Methods: The data from 1999 to 2010 were extracted from the PERFECT Stroke registry, a national database of all incident stroke patients hospitalized in Finland. OAC-ICH was defined as a first-in-a-lifetime ICH admission in a patient using warfarin, the only OAC available during the study period in Finland. Case-fatality was determined by linking to the national death registry using a unique identifier, which ensured 100% follow-up.

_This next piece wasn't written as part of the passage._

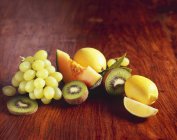 Frische Früchte auf Holzgrund — Stockfoto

Results: Over the 12 years, there were 17,185 cases of ICH registered out of which 2354 (13.7%) were on OAC at the time of their ICH. The annual number of OAC-ICH patients increased from 178 to 269 (+51%) with no increase in annual non-OAC-ICH (1271 to 1228; -3%). The median age increased from 76 to 79 in the OAC-ICH cases, staying at 71 in the non-OAC-ICH cases, while the national population older than 75 increased from 223,000 to 436,000 (+95%). After age and sex adjustment to the common year 1999, the national incidence of OAC-ICH remained at 3.5 to 3.7 per 100 000 population (non-significant change of +6%; 95% CI -8% to +22%), while non-OAC-ICH decreased from 24.1 to 18.9 per 100,000 (-22%; -17% to -26%). In OAC-ICH, case-fatality at 28 days decreased from 51.2% in 1999-2000 to 43.4% in 2009-2010 (annual trend -0.9%; 95% CI -0.3% to -1.4%; P=0.005). The decrease in 28-day case-fatality was smaller in non-OAC-ICH (30.2% to 25.9%; annual trend -0.3%; 95% CI -0.1% to -0.5%; P=0.002). Sensitivity analyses were done adjusting for age, sex, and comorbidities, with similar Results annual trend -0.9% (P=0.002) and -0.4% (P<0.001) for OAC and non-OAC ICH correspondingly.
Conclusion: As the population ages, the proportion of ICH that is related to oral anticoagulation increases, in our series from 12% to 18% over 12 years. While the age and sex adjusted incidence of ICH in general is decreasing, that is not the case with OAC-ICH. Reassuringly, survival from OAC-ICH is improving.
Author Disclosures: A. Meretoja: None. A. Malmivaara: None. R.O. Roine: None. U. Hakkinen: None. M. Kaste: None.
- © 2014 by American Heart Association, Inc.